My concerns were about the data verification from user. To explain, in my project, at some point the server is just a data relay between two machines. But to avoid any wrong use, I check if the data transmitted is correct. This data arrive as a json string, representing an object with a specific structure, it never change (and I don’t want any malicious code or bad values included).

So I was wondering, what would be the most performant to check? Using a RegExp to check the json, or parse the json and check if the content is valid?

To test, I wrote the piece of code below. It’s quite simple, it execute 20000 times both sceniarios. One half with correct data, an other one with invalid data. Then console.time help to display the execution time of each scripts.

/**
 * Perf test
 *
 */

// 0. Init
var i;
var correct_data = '{\"foo\":\"trololo\",\"bar\":42}';
var wrong_data = '{\"foo\":\"trololo\",\"bar\":42.0}';

// 1. The regexp
console.time('Regexp process');

var regexp_key = /^\\{\"foo\":\"[a-zA-Z]*\",\"bar\":[0-9]+\\}$/;
var regexp_obj = new RegExp(regexp_key);

for (i = 0; i < 10000; i++) {
  // regexp_obj = new RegExp(regexp_key);
  regexp_obj.test(correct_data);
}
for (i = 0; i < 10000; i++) {
  // regexp_obj = new RegExp(regexp_key);
  regexp_obj.test(wrong_data);
}

console.timeEnd('Regexp process');

// 2. The JSON parsing
console.time('JSON parsing process');

var jsonObj;
function checkObj(obj) {
  if (!obj) return false;
  if (!obj.foo || typeof obj.foo !== 'string') return false;
  if (!obj.bar || typeof obj.bar !== 'number') return false;
  return true;
}

for (i = 0; i < 10000; i++) {
  jsonObj = JSON.parse(correct_data);
  checkObj(jsonObj);
}
for (i = 0; i < 10000; i++) {
  try {
    jsonObj = JSON.parse(wrong_data);
    checkObj(jsonObj);
  }
  catch(e) {}
}

console.timeEnd('JSON parsing process');

You can try this code with Chrome, it’s easy.
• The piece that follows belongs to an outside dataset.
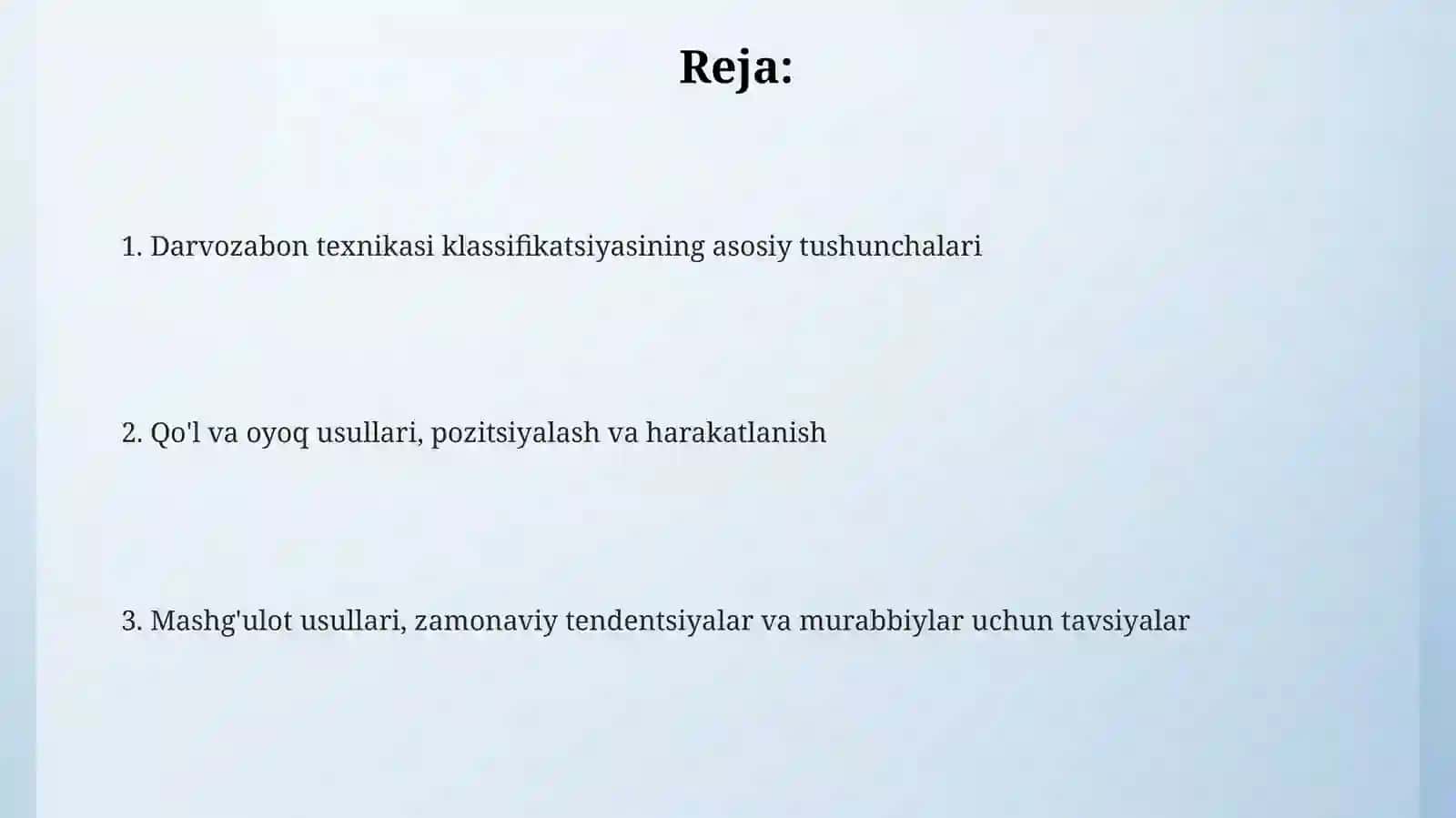 Darvozabon texnikasi klassifikatsiyasi 2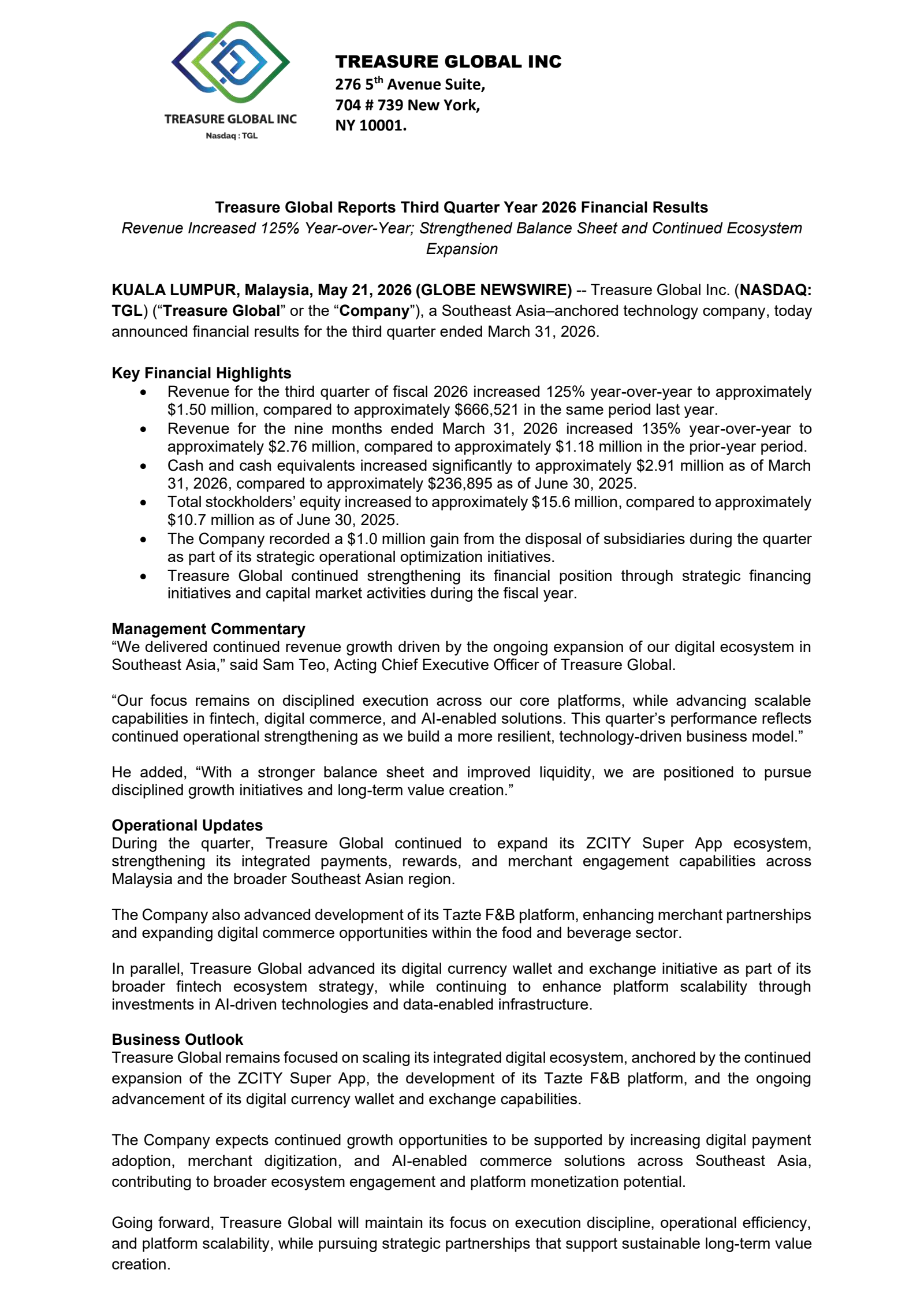 Treasure Global's Q3 2026 Press Release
Copy the code, open the ‘Tools for developers’, go to the tab ‘Console’, then paste the code and press Enter. The script will be executed and you’ll see the output underneath.

On my machine, I got this. (results may vary between machines)

Regexp process: 17.889ms
JSON parsing process: 37.171ms

We can see the RegExp is quicker to execute. But there’s a problem. In my case, we just create one instance of this RegExp, and it might not be the case in reality, it depends of the implementation. So let’s make an other try with a new RegExp instance for each test (uncomment line 18 and 22).

Regexp process: 223.234ms
JSON parsing process: 39.507ms

Boom!

Here we are, the game has changed, and json parsing become the winner, by far!

Finally, always being careful of the context, it can change everything. And gosh damn! I didn’t know creating RegExp was so heavy!